Słuchając tego krążka po raz pierwszy, nie do końca wiedziałem, co mam o nim sądzić. Z jednej strony numery wpadają w ucho i niczym nie drażnią (dot. tylko melodii), a z drugiej produkcja nie jest jakaś zjawiskowa i znaczną część podkładu sam mógłbym wykonać za pomocą FL Studio. Jak wspomniałem na początku, dużo tu elektroniki, popowych dźwięków, czasami poleci również techno a'la dawny DJ Tiësto, sporadycznie natkniemy się też na dubstep - a to wszystko obowiązkowo zmieszane z czarnymi bitami. Może nie jest to oklepana mieszanka, ale jakoś nie wywołuje we mnie większych emocji: patent jest fajny, lecz jego realizacja bardzo przeciętna. Moim zdaniem brakuje tu producenta światowego kalibru, który wiedziałby jak się za to zabrać...

Natomiast jeżeli chodzi o warstwę tekstową oraz wokal, to muszę przyznać, że to jedna (albo i dwie) wielka tragedia. Albo umyślna parodia, już sam nie wiem. W każdej piosence obok całkiem niezłego Ninja pojawia się Yo-Landi, która swoim zmiksowanym głosem i sztywną wymową miażdży każdy utwór - początkowo pozytywnie, bo jej wokal w połączeniu ze sztucznie buntowniczymi tekstami brzmi naprawdę zabawnie. Natomiast po jakimś czasie zaczyna to robić się irytujące, wręcz głupie. Tak samo jak liryka, która jest dosłownie o niczym. Za to dużo w niej pseudo 'czarnych' wstawek, wulgaryzmów, etc.

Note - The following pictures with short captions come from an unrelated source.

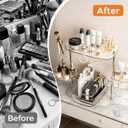 Rotating Makeup Vanity Organizer, Bathroom Countertop Cosmetic Skin Care Storage,Cosmetic Display Case with Brush Holder,for Skincare Perfume Cosmetics,Detachable Hanging Trays & Hooks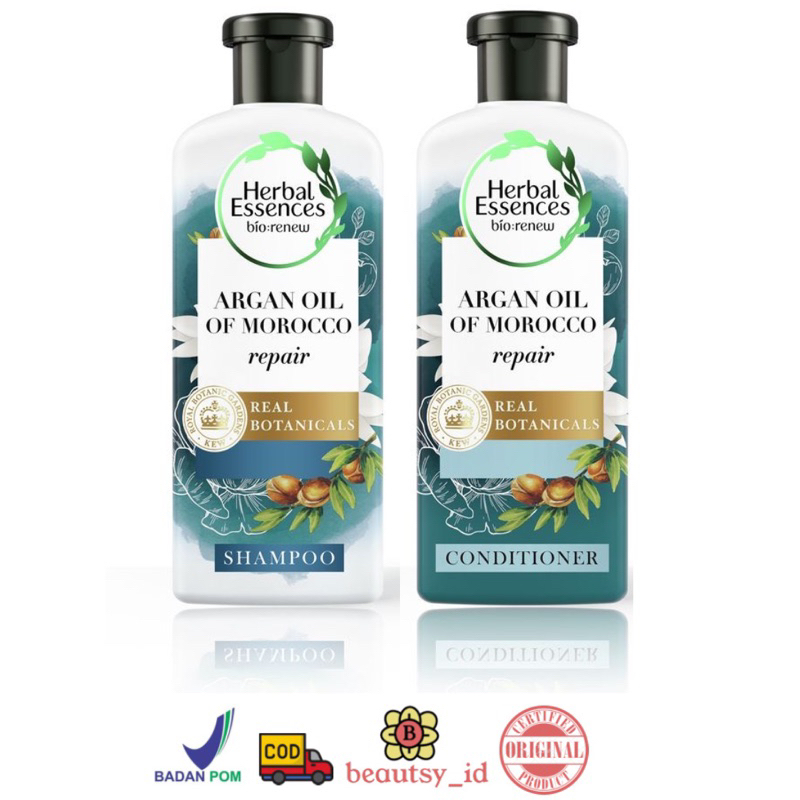 Herbal Essences Argan Oil Of Morocco Repair Shampoo Conditioner 400ml 240ml Sampo Kondisioner Rambut Antioxidan Vegan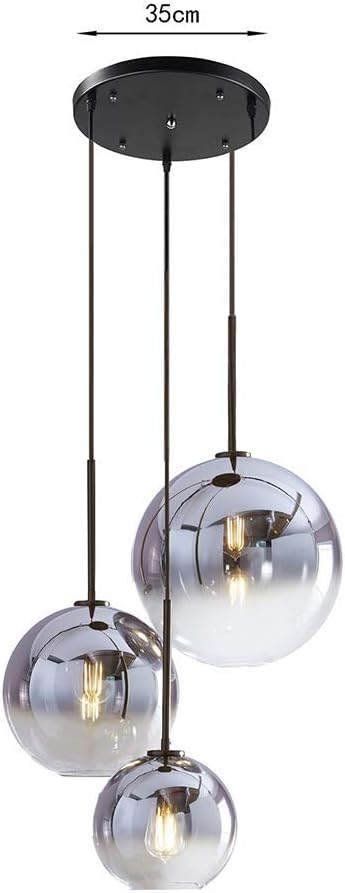 NEW/OPEN BOX H XD Global Set 3-Light Globe Gradient Silver Glass Pendant Light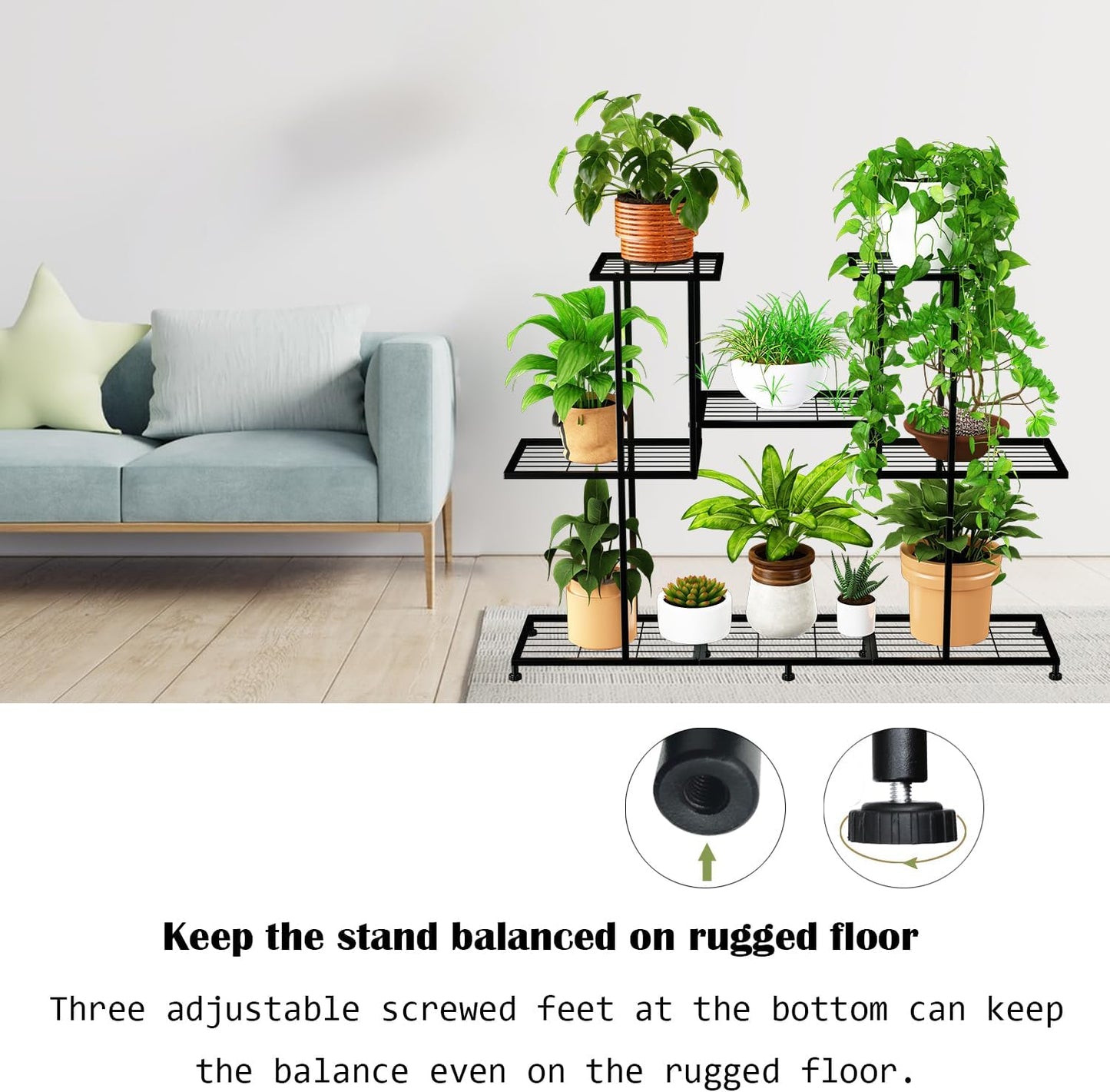Metal Plant Stand, 5 Tiers Multifunctional Plant Stands for Indoor Plants, Decorative Black Steel Plant Shelf for Indoor Patio Garden Balcony and Yard (4 tiers 12 pots)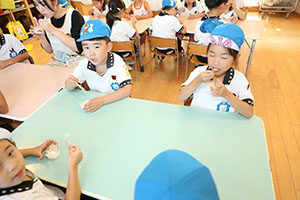 お米のジェラート　美味しかったね　年長組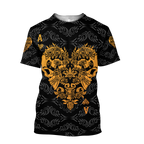 3D Ace Heart Skull Poker Over Printed Hoodie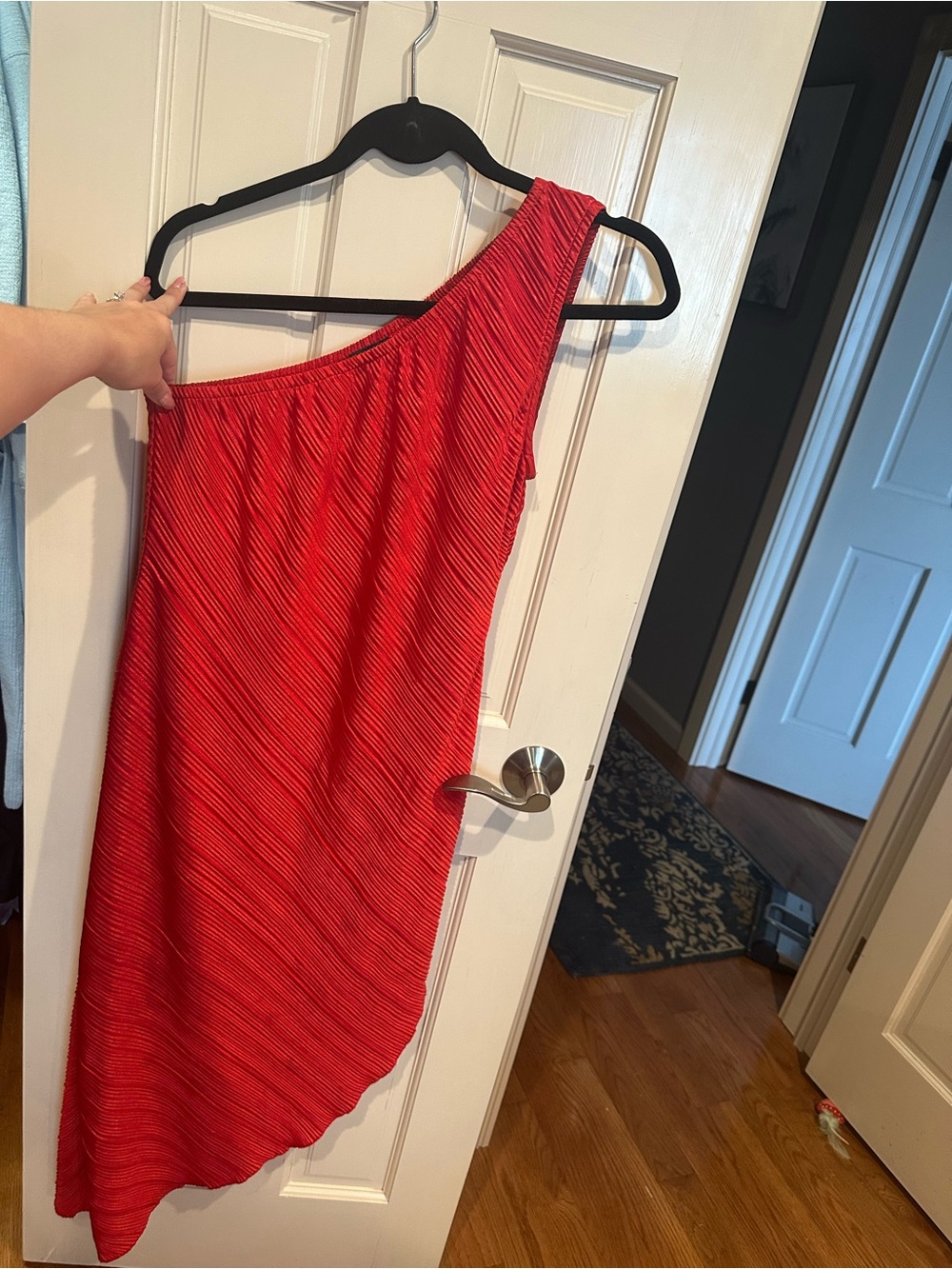 Asymmetric One-Shoulder Red Dress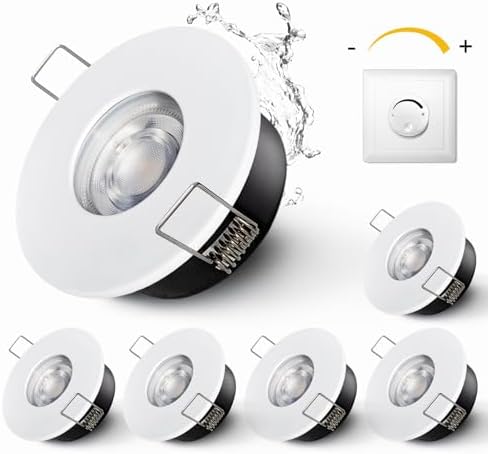 Sweier 6-Pack Dimmable LED Recessed Spotlights GU10 5W IP65 Waterproof - 3000K Warm White, 70mm Cutout, Die-Cast Aluminium Downlights for Bathroom & Living Room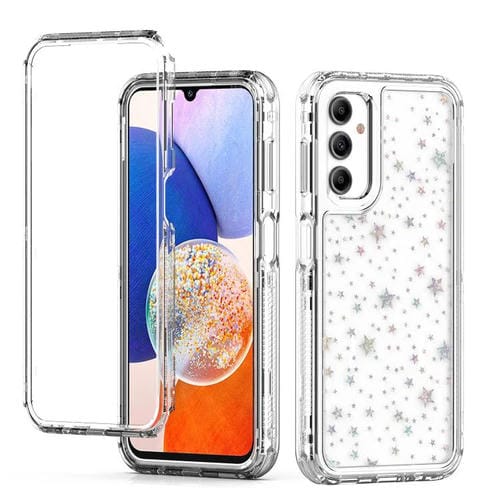 Funda de papel acrílico transparente con efecto láser para Samsung Galaxy A14 5G/4G (Estrellas)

Generalnie jest to niezwykle słaba podróbka nawijek amerykańskich raperów i zarówno kreatywność jak i głębia tekstu leżą i kwiczą. I to już mnie nie śmieszy.

Teraz słówko o singlach. Jak na razie, zostały nimi tylko dwa tracki - pierwszy z nich to Fok Julle Naaiers (z angielskiego Fuck You All) z gangsta teledyskiem, a drugi to I Fink U Freeky, czyli coś bardziej 'klubowego'. Ciekawe, ale mnie jakoś nie powaliły.

Jakość produkcji jest dostateczna, momentami dobra. Mimo iż, jak napisałem wcześniej, utwory wpadają w ucho, to mają to do siebie, że bardzo szybko się nudzą - już po czterech odsłuchach zaczęły działać mi na nerwy.Czy mam swojego faworyta? Nie, nic do mnie szczególnie nie przemówiło i na odtwarzacz nie zabiorę niczego. Poza tym, trudno jest wskazać najlepszy bądź też najgorszy kawałek, gdyż poziom jest dosyć wyrównany i pewnie nie zdarzy się tak, że jeden numer się nam spodoba a drugiego znienawidzimy - całość nie powinna wzbudzić mieszanych uczuć.

Ten$Ion okazało się takim wydawnictwem, jakiego się spodziewałem, czyli średnim. Z początku interesującym, po pewnym czasie nużącym. Zapewne nigdy już do niego nie powrócę, bo muzyczne parodie mnie w ogóle nie cieszą, poza tym sama jakość pozostawia wiele do życzenia. Mimo wszystko, na jeden, góra dwa odsłuchy krążek jest w sam raz i nie będę specjalnie ubolewał jeżeli jakiś singiel pojawi się w radio. Ode mnie trójka.


Zgadzasz się? Podaj dalej:

4 komentarze:

poprostu nie rozumiesz zef'u :)

Czy ja wiem... Muzyka jak muzyka :)

Wirtuozeria to moze nie jest ale pomysl i wykonanie. Przynajmniej niecodzienne. Wiem, ze wielu wolaloby kolejna rapowa formacje lekko przytuczonych jegomosci obwieszonych zlotymi lancuchami, rolexami i czym tam ktos jeszcze chce ale tego mamy dzis na peczki. Nie gustuje w takiej muzyce, jednak daje wielki plus wlasnie za KREATYWNOSC, ktorej brak zarzuca grupie autor. Die Antwoord to powiew swierzosci w dzisiejszym przecukierkowanym "szołbiznesie". To tylko moja opinia. Bez cisnien. ZEF

Nie znasz sie... ta plyta jest zjawiskowa uwielbiam to. Cudowne i zaskakujace.